- _What you need to do_:
The whole listing below should be printed again exactly, with no images.

- _Source material_:

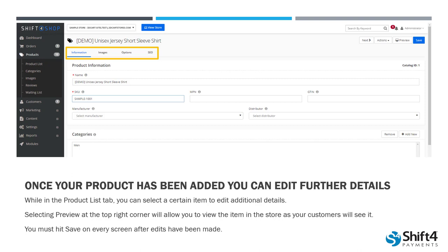Next is Images, which allows you to upload images and edit thumbnails for your item. Next is Options — this is going to allow you to edit and change size options as well as different colors in your product. We're going to take a look at that one in a little more detail in just a minute. The last option is SEO, or search engine optimization, which allows you to add tags to your product so that they appear when customers are searching on your website or the internet. There's also a preview button in the upper right hand corner — this allows you to view the item in your store as your customers are going to see it, and it's a great way to double-check your work. Remember, any changes that you make here, you're going to want to hit that Save button early and often.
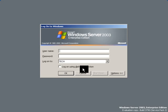Now let's log on to a server with user rights. Let's type the username and the password.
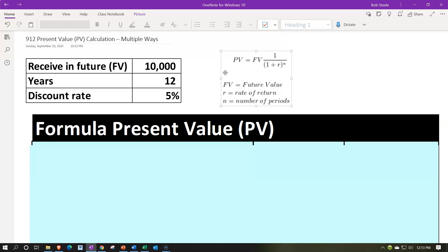The mathematical formula is useful to know so you understand the math, and it may appear in textbook problems. The Excel or financial calculator approach is probably more common in practice and is a good tool to know. Tables are also useful as a simplified way to do the math, and are often used in school practice problems because they let you eliminate the financial calculator.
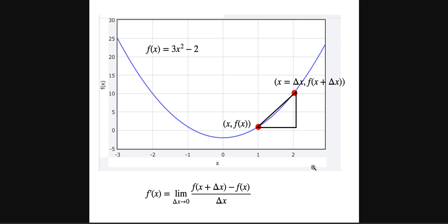I'm going to show you how to take a numerical derivative in Python, but we need a little backup work here. At the end of this we're going to have a program that's going to calculate derivatives - not with integration, not with actual calculus, but with something else. Here's my function f of x equals 3x squared minus 2, the same thing I did before, and there's a graph right there.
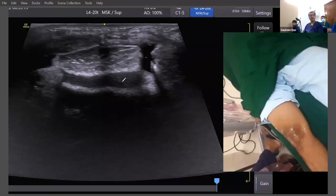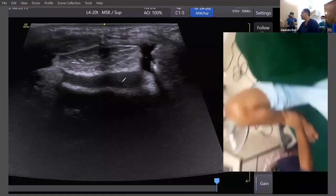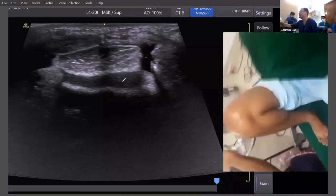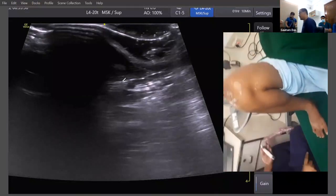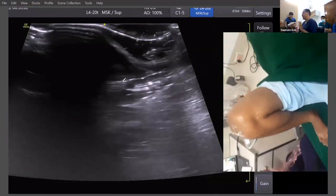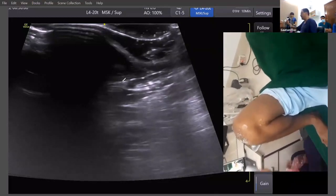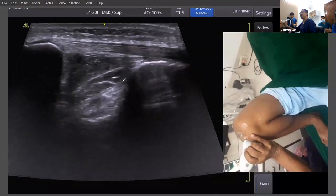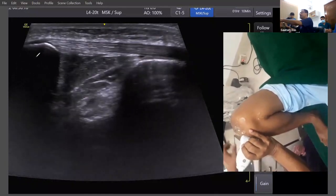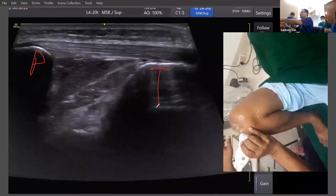The ACL has two parts: an anteromedial part and a posterolateral part. To visualize it, we need to flex the knee maximally. I'll be flexing it maximally and searching for the intermeniscal transverse ligament — the ACL will be just below that. One end of the probe will be on the patella on the midline, and another part toward the joint. Let me reduce the depth a little bit so you can appreciate it nicely.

- _Answer space_:
Next is Images, which allows you to upload images and edit thumbnails for your item. Next is Options — this is going to allow you to edit and change size options as well as different colors in your product. We're going to take a look at that one in a little more detail in just a minute. The last option is SEO, or search engine optimization, which allows you to add tags to your product so that they appear when customers are searching on your website or the internet. There's also a preview button in the upper right hand corner — this allows you to view the item in your store as your customers are going to see it, and it's a great way to double-check your work. Remember, any changes that you make here, you're going to want to hit that Save button early and often.
Now let's log on to a server with user rights. Let's type the username and the password.
The mathematical formula is useful to know so you understand the math, and it may appear in textbook problems. The Excel or financial calculator approach is probably more common in practice and is a good tool to know. Tables are also useful as a simplified way to do the math, and are often used in school practice problems because they let you eliminate the financial calculator.
I'm going to show you how to take a numerical derivative in Python, but we need a little backup work here. At the end of this we're going to have a program that's going to calculate derivatives - not with integration, not with actual calculus, but with something else. Here's my function f of x equals 3x squared minus 2, the same thing I did before, and there's a graph right there.
The ACL has two parts: an anteromedial part and a posterolateral part. To visualize it, we need to flex the knee maximally. I'll be flexing it maximally and searching for the intermeniscal transverse ligament — the ACL will be just below that. One end of the probe will be on the patella on the midline, and another part toward the joint. Let me reduce the depth a little bit so you can appreciate it nicely.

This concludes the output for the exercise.